» **Goal of the exercise**
The copy should begin at the line containing "Memorial Day Wreath Laying Ceremony" and end at the last line of the material. Please reproduce those lines exactly and keep pictures out.
┌────────
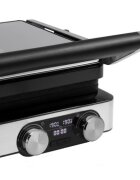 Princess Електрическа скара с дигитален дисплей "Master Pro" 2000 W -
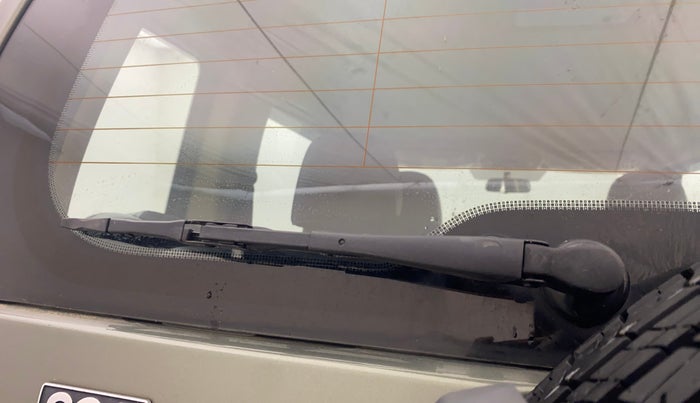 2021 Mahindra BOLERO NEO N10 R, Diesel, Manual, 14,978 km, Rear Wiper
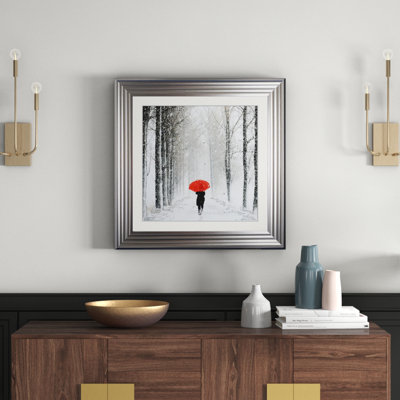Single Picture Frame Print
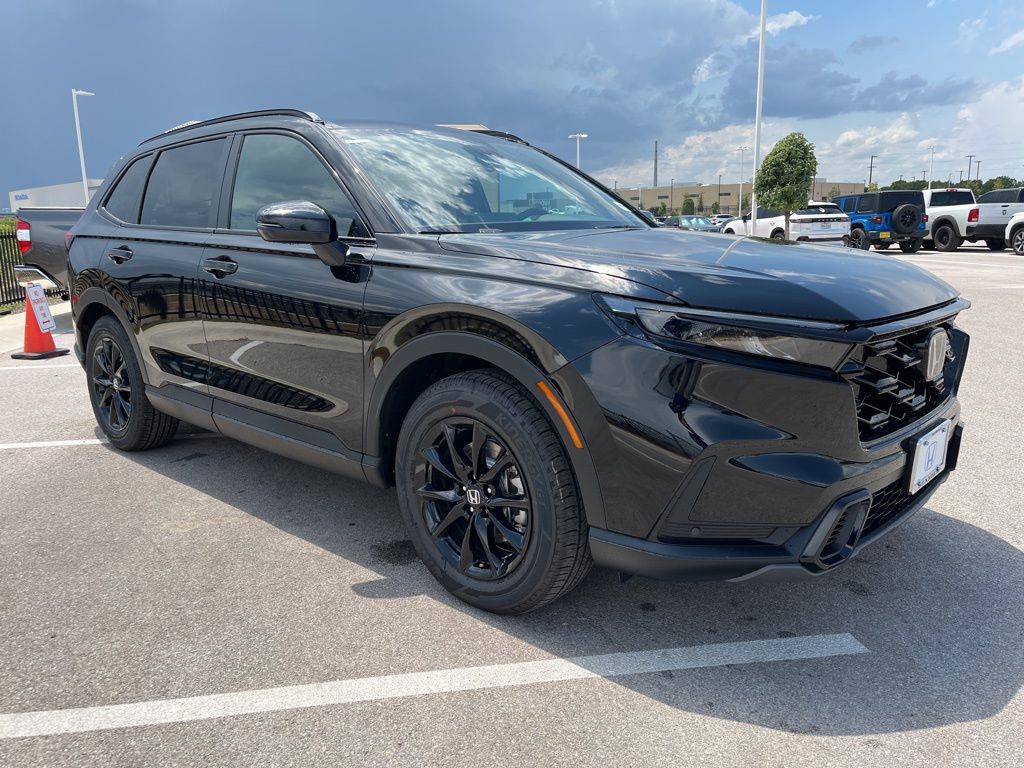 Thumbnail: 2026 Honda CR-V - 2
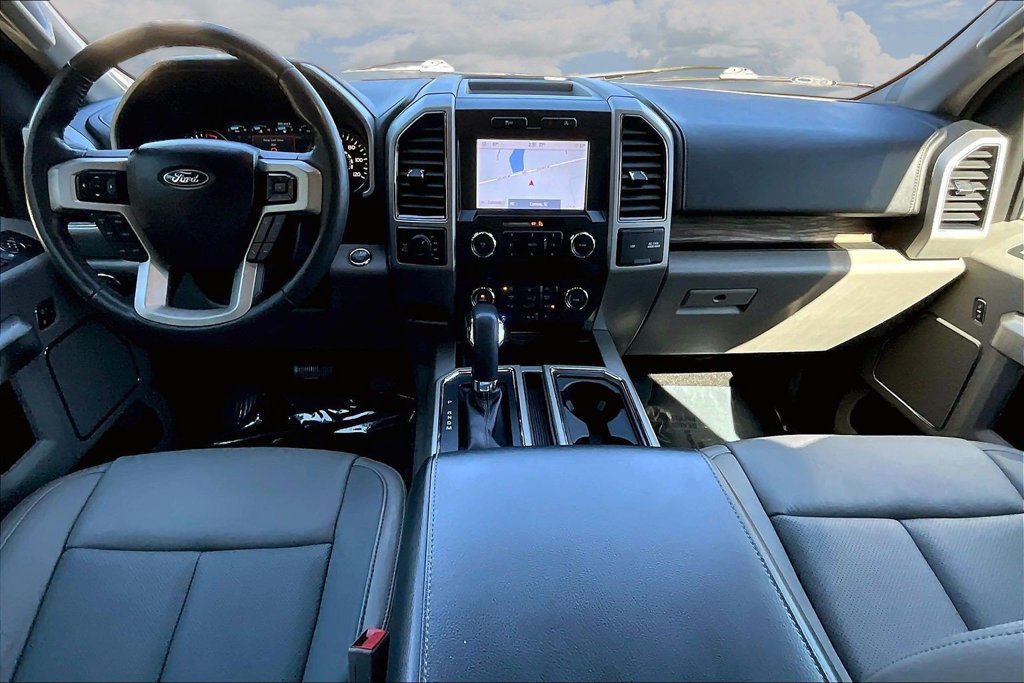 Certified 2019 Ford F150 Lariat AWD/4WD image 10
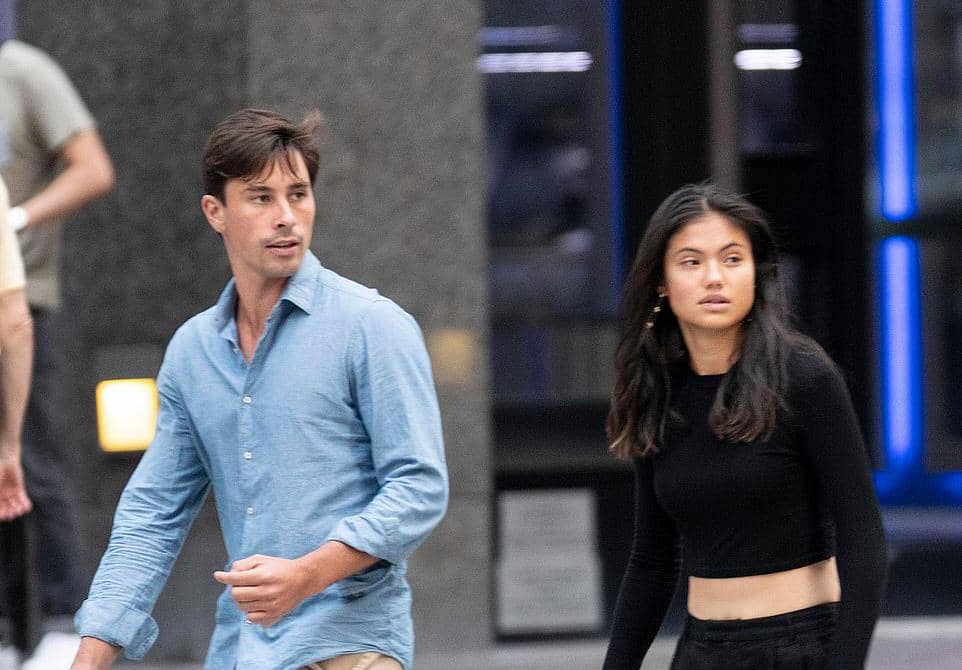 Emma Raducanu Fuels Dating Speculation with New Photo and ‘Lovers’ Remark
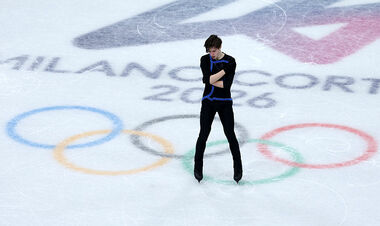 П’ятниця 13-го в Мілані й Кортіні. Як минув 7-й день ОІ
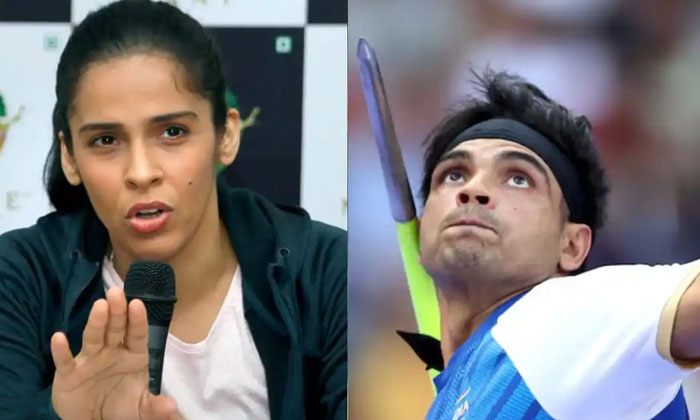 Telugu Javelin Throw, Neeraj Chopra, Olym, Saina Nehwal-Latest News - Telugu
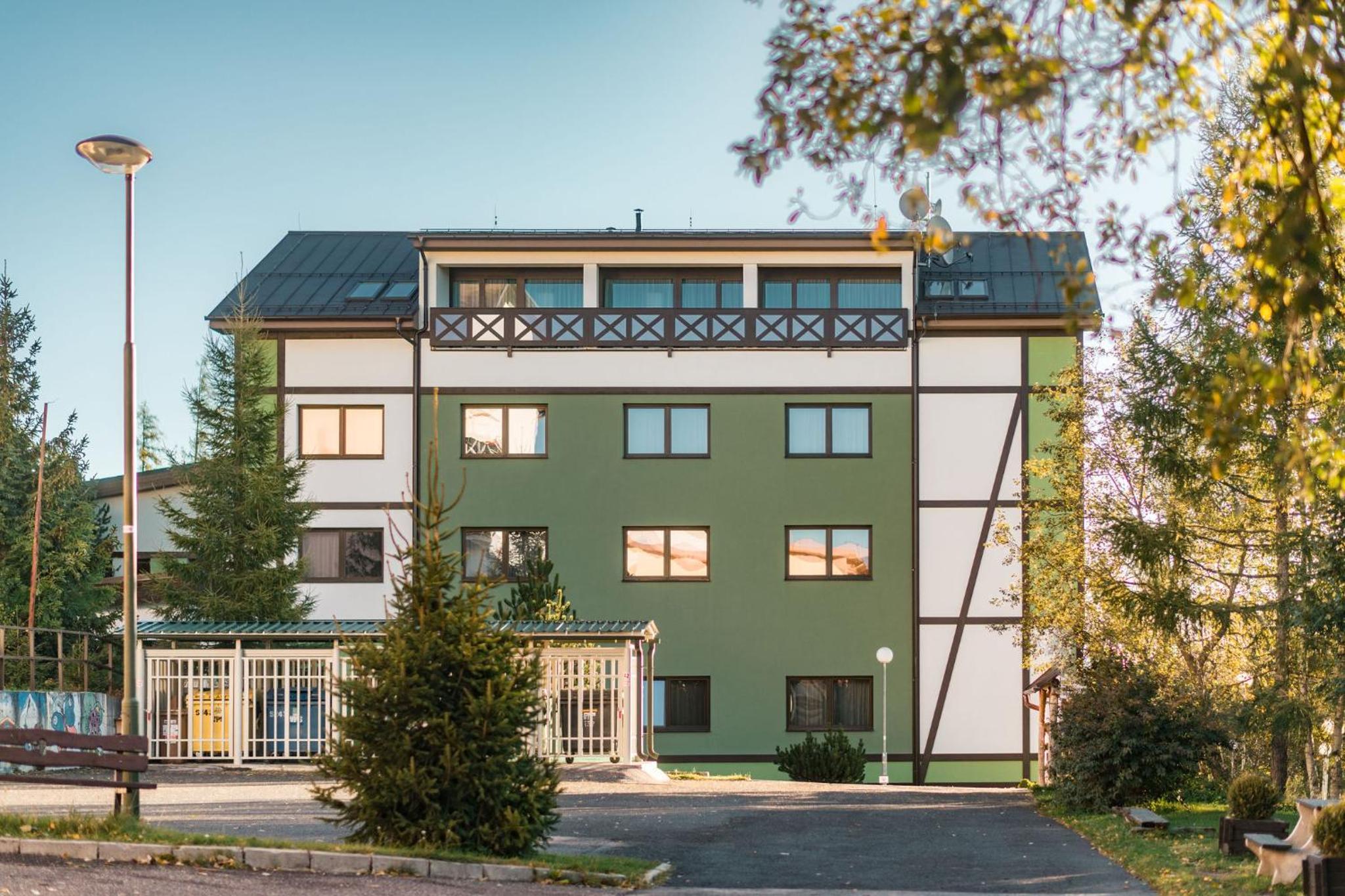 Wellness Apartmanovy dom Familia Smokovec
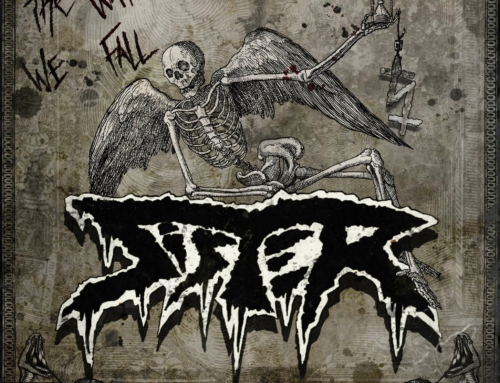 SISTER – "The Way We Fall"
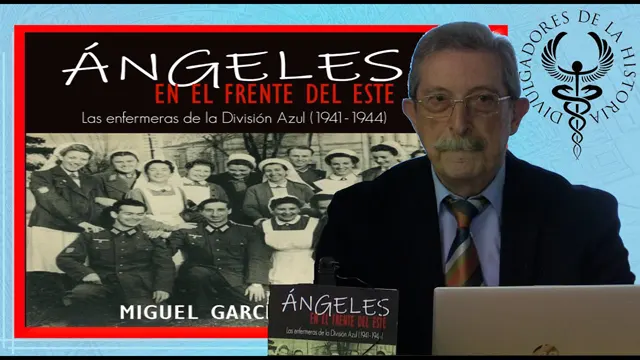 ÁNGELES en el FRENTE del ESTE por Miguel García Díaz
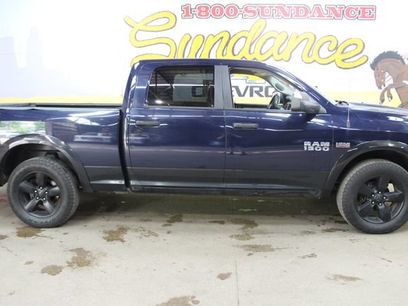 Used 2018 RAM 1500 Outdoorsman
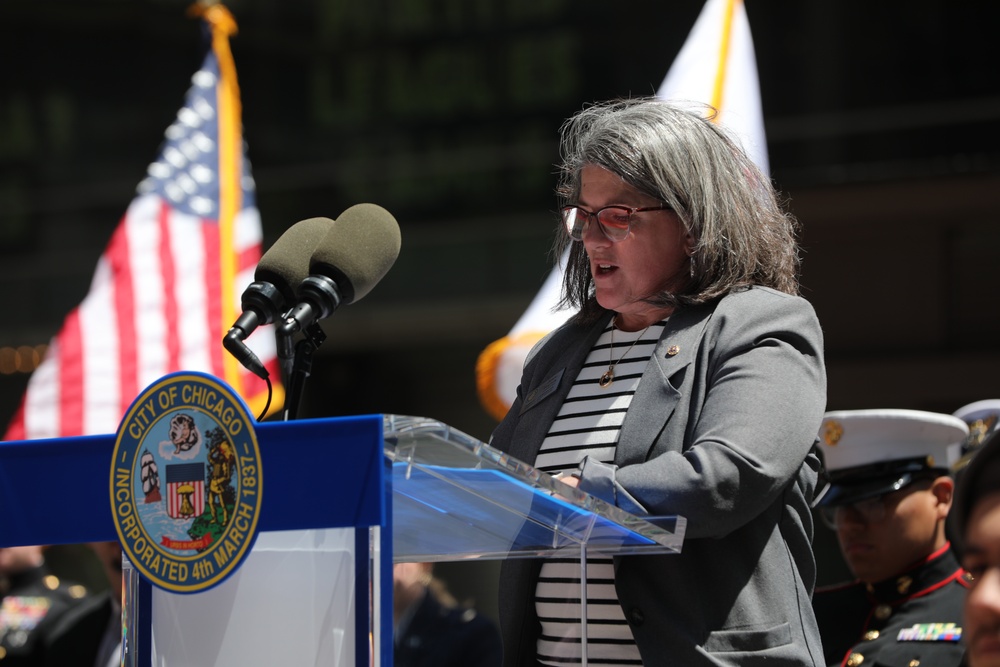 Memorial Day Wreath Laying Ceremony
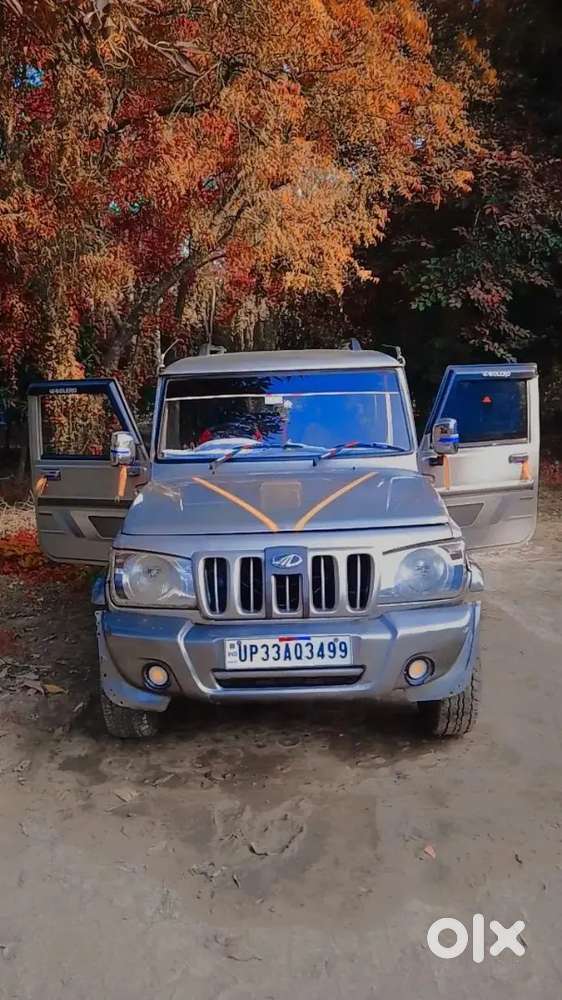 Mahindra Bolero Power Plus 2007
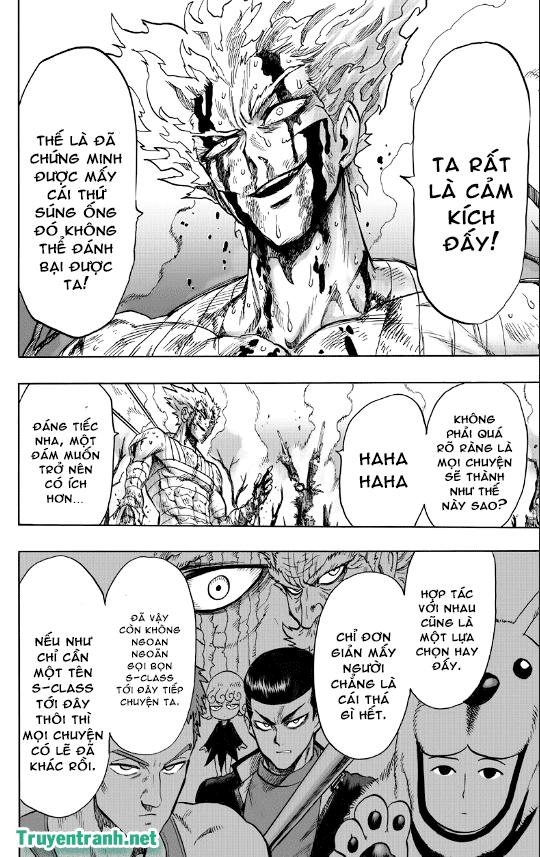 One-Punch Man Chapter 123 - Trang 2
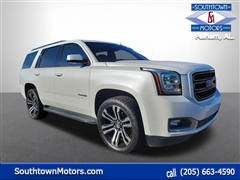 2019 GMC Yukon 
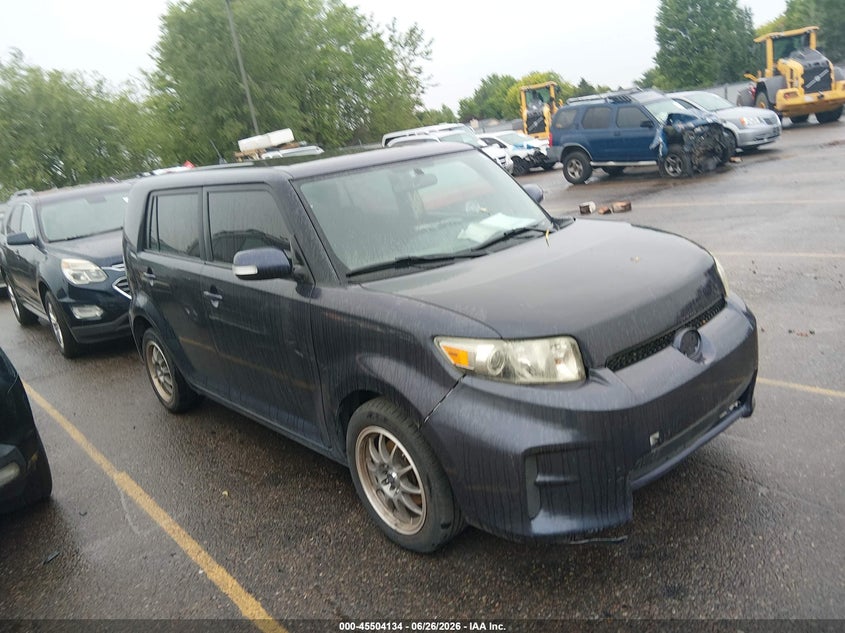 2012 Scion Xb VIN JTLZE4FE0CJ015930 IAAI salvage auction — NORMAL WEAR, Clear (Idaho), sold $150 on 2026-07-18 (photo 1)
└────────
» **Written response**
 Memorial Day Wreath Laying Ceremony
 Mahindra Bolero Power Plus 2007
 One-Punch Man Chapter 123 - Trang 2
 2019 GMC Yukon 
 2012 Scion Xb VIN JTLZE4FE0CJ015930 IAAI salvage auction — NORMAL WEAR, Clear (Idaho), sold $150 on 2026-07-18 (photo 1)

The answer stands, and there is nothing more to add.